Q. Two years ago I separated from my husband and I am finding it increasingly difficult to support myself and my three sons, ages 3, 5 & 6. I need information on starting my own home based business. I have an extensive background in the field of administration and computers. If you know of anyone in the Philadelphia, Pennsylvania area that needs help please let me know.

A. When we look for jobs outside the home, the emphasis most often is on our qualifications: what are you good at? why would an employer take a chance on hiring you? We fine tune our resumes with our sales pitch in mind, and hope that employer sees the good fit.

However, when the tables are turned, and we want to run a business for ourselves, we often completely overlook more important questions. Building on your extensive background, ask yourself this: What do I want to be doing from sunup to sundown (with the inevitable boy breaks!)? What passion do I want to turn into a full time job, and focus enough energy and
time so that my passion turns into profits?
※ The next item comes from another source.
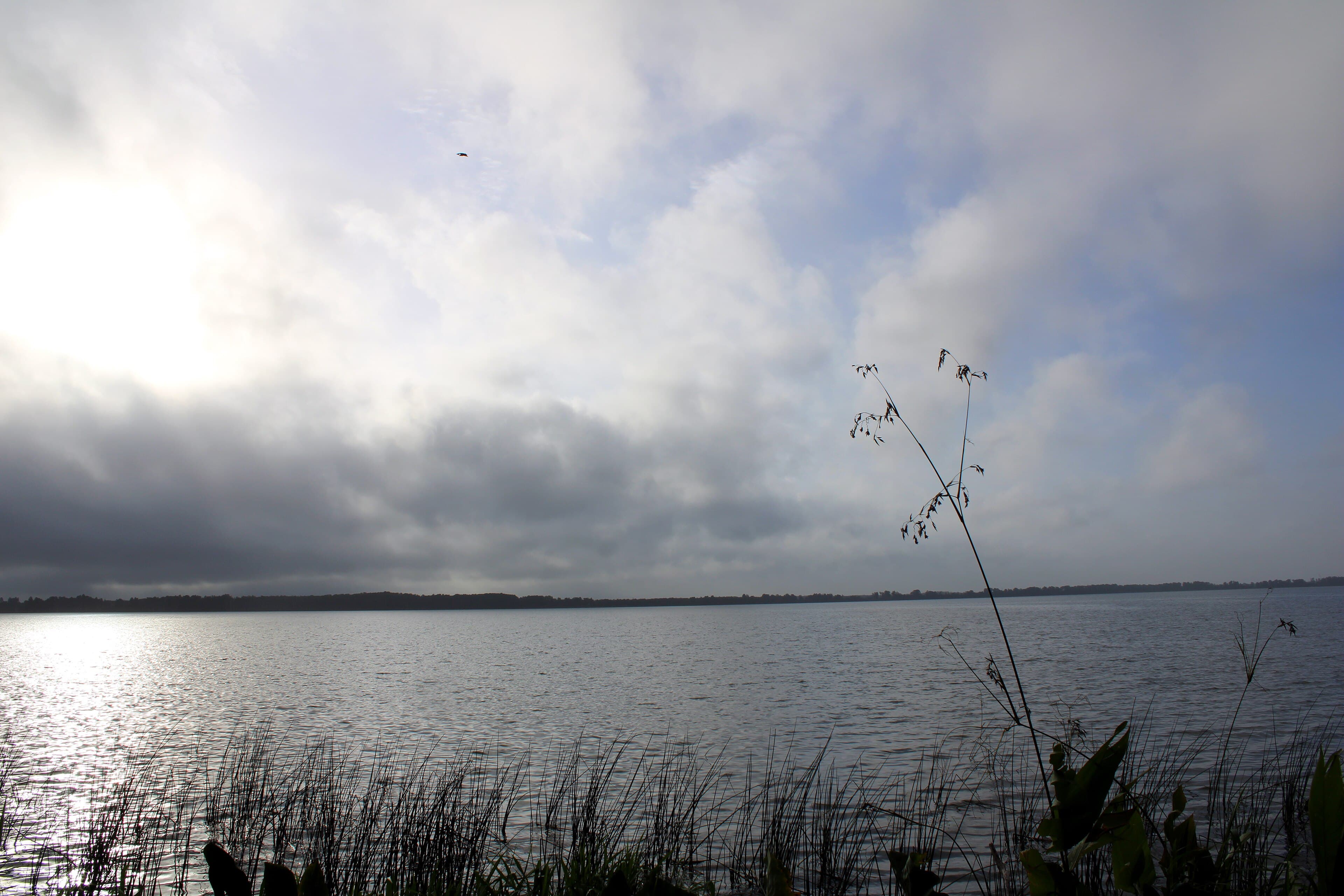 Lake Hancock Is Held a Foot and a Half Higher for the Peace River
To be a successful
EP, you have got to be in contact with your higher goals, your deeply rooted desires as well as build on your background. Many of the self-help employment and skills inventory books can help you put your skills and your passion and come up with a nice tasty career track to investigate, with your whole self.

With computers and administration, you sound like a shoe-in for some kind of "remote" office manager. These telecommuting jobs are starting to crop up all over the place. This field is so cutting edge, I really don't have many concrete answers, but I do know it's going to become much more common to find a lot of administrative jobs "farmed" out to virtual workers and telecommuters. You could also start your own service as an appointment setter and meeting organizer for busy sales reps and other professionals who might not need a full time office assistant but do require more than a palmtop organizer.

The key to both of these ideas is networking. Try to attend meetings held by the local chamber of commerce or professional business organizations. There is probably a WebGirls or freelancers group near you to get you started. Get there early, stand by the name tag table, and shake hands
with people. Tell everyone you know what you are doing. With networking, you literally never know when something will turn into a lead. I have followed up on grocery store meetings, and gotten contracts! Same thing for the internet. Join a listserv or discussion group in your interest area and be sure to post frequently. Use a signature file, so people will feel comfortable getting in touch with you privately.

And remember, you are just who you are: a single mother of three. Don't be afraid to fight for your home-based business, because chances are your prospective clients or employer will have tremendous respect for someone with such conviction, determination, and drive! All the best to you!


Q. I am a single parent who has been sorting through the possibilities of making ends meet while retaining some creativity of my own. (I am a painter and graphic designer.)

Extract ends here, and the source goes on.